Strict bond covenants have become a nostalgic thing of the past as more and more lenders are offering easier terms to even the riskiest of companies. According to Moody’s Investors Service, the average covenant quality (CQ) score for bonds issued in 2017 was 4.36 (weakest), which is the fourth consecutive year with a weakest-level average CQ score. This is on a scale of 1-5, with 5 being the weakest.
This could put investors in a sticky situation in a downturn, Moody’s says, because holders of covenant-light bonds will have little control of the issuer’s actions to mitigate its losses. In fact, bondholder rights will be secondary to shareholders should a downturn happen.
“[I]f speculative-grade companies were to come under pressure during a turn in the credit cycle, the lax covenants in their bond indentures would allow them to take a host of shareholder-friendly measures without consulting or compensating their bondholders,” Moody’s says in a report. “These measures include the sale and transfer of assets outside of a restricted group, refinancing earlier maturing unsecured debt with secured debt, and expanding into new and uncertain lines of business.”
And since highly leveraged companies will struggle under new tax laws (see related story here), there could be more stresses and defaults in the future.
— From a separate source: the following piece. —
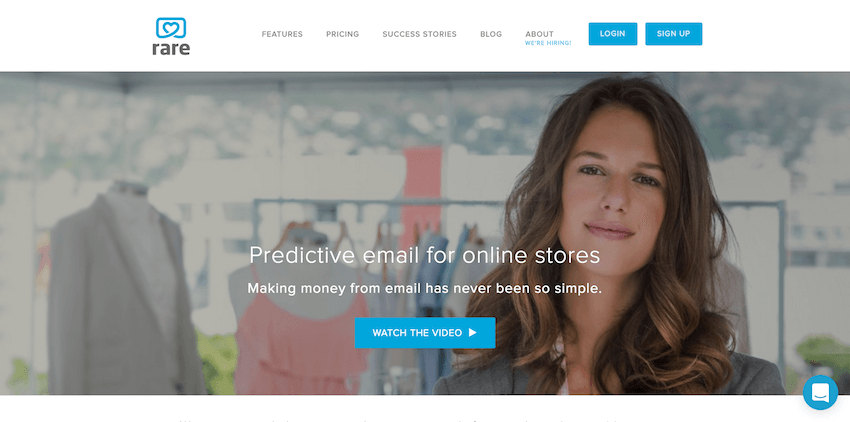 Email Marketing Platforms: Rare.io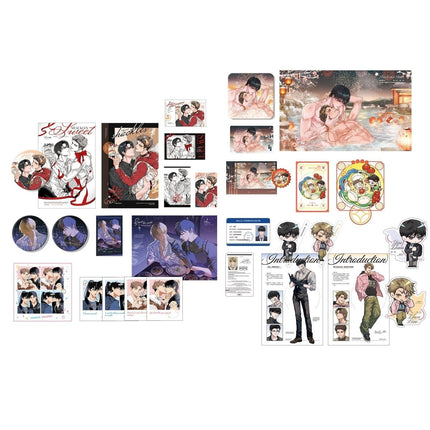 Sweet Shackles | Set 1 Man Jia Anime Goods - FUNIMECITY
While experts say those buying the debt should make sure their analysis is sound, sometimes they are not getting the time. According to Moody’s demand is so strong that many bond issues are oversubscribed resulting in very short roadshows. This gives investors “limited time to review deal terms … diminishing their ability to challenge covenant structures.” Meanwhile, with credit conditions positive and holding steady across the spectrum, “including a speculative grade default rate that we expect will continue to rest below its historical average,” investors have been more willing to abide deteriorating credit protections within bond contracts, Moody’s says.
All of this adds more risk to the market. Ordinarily, covenants maintain a balance between an issuer’s fiduciary obligations to its shareholders and its contractual obligations to creditors. However, increasingly, “covenants are not achieving that objective,” Moody’s says. And investors searching for yield anywhere they can, are becoming more and more lax, “willing to give spec-grade issuers the operational flexibility once reserved only for investment grade credits because of their strong financial profiles.” And if a downturn comes, investors in high-yield covenant-lite bonds “will be powerless to prevent issuers from taking actions that favor their shareholders at bondholder expense.”